Summary of the 2018 Washington Legislature’s Supplemental Budget
By League of Education Voters Policy Team
The Washington state Legislature passed a state budget agreement (Senate Bill 6032) that adds court-ordered K-12-school funding and also gives a one-time property-tax cut. The 2017-19 supplemental operating budget plan aimed at satisfying the long-running state Supreme Court school-funding order known as the McCleary decision. Below is a summary of how the budget impacts Early Childhood Education, K-12, and Higher Education.
Early Childhood Education
Legislators prioritized increasing home visitation capacity, and Working Connections Child Care (WCCC) provision to homeless families in this budget.

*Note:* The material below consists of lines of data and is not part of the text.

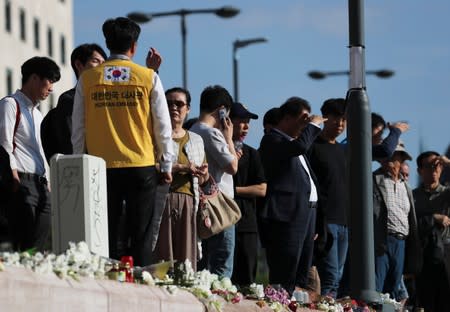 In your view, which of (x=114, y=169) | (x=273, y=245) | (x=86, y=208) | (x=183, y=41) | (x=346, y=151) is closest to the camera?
(x=86, y=208)

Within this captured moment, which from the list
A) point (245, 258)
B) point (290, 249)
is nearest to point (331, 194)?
point (290, 249)

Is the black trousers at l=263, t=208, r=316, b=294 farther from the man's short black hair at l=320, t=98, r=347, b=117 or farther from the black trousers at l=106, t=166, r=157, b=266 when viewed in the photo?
the black trousers at l=106, t=166, r=157, b=266

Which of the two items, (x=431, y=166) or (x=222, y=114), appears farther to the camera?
(x=431, y=166)

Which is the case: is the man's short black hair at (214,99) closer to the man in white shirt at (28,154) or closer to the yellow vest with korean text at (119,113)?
the man in white shirt at (28,154)

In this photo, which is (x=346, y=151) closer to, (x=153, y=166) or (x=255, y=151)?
(x=255, y=151)

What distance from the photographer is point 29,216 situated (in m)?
13.0

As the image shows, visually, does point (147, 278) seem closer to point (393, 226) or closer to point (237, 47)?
point (393, 226)

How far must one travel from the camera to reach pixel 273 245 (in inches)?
613

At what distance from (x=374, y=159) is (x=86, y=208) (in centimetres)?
721

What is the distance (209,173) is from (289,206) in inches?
44.6

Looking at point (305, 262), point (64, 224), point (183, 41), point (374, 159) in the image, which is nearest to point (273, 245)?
point (305, 262)

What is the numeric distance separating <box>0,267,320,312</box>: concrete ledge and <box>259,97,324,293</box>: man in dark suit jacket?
339cm

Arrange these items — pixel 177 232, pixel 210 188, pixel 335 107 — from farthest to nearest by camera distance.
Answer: pixel 335 107 < pixel 210 188 < pixel 177 232

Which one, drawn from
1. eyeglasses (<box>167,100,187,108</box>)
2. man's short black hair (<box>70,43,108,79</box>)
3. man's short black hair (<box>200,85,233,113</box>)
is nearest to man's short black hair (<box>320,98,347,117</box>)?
man's short black hair (<box>200,85,233,113</box>) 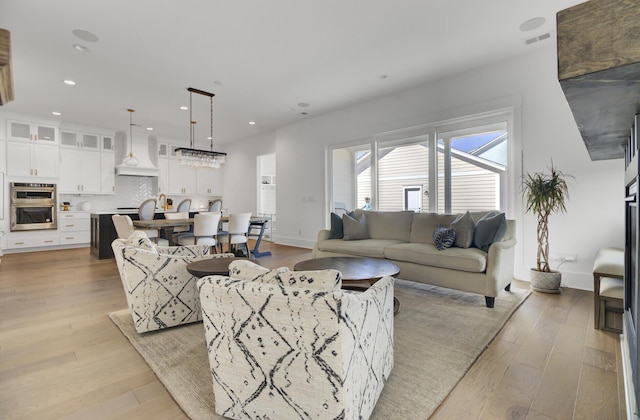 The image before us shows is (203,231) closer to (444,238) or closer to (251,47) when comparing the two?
(251,47)

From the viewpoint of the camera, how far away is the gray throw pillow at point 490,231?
3117 mm

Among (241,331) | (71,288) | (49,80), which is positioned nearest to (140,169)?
(49,80)

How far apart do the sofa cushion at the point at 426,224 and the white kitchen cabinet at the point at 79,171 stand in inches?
298

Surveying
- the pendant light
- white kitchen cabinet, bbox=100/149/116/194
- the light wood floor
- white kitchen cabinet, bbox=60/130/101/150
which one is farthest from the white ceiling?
the light wood floor

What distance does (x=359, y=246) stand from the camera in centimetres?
385

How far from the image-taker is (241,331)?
49.4 inches

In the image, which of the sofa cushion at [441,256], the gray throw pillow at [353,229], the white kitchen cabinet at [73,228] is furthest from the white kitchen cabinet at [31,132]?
the sofa cushion at [441,256]

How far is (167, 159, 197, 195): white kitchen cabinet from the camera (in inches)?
341

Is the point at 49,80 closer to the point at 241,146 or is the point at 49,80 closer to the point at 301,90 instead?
the point at 301,90

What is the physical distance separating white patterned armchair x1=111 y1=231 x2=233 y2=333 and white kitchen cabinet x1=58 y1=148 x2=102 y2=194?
6182 mm

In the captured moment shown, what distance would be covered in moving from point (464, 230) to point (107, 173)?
8.17 m

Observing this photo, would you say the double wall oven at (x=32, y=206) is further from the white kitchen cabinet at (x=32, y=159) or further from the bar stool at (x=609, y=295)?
the bar stool at (x=609, y=295)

Funds are also provided to improve overall early childhood education (ECE) system capacity, including Washington State Department of Children, Youth and Families (DCYF) implementation, with $700K for a degree program to produce more educators, and $403K to strategize ways to engage the Washington business community and to educate ECE providers. Additional allocations will go toward supporting nurse consultations, mental health interventions, and trauma informed service provision.
- $2.3M—Home visiting expansion +275 families & to equalize rates
- $1.6M—Working Connections Childcare 4-month grace period for homeless families
- $1M—Implementation of the new Department of Children, Youth, and Families
- $74,000—Implement House Bill 2861 (trauma-informed child care)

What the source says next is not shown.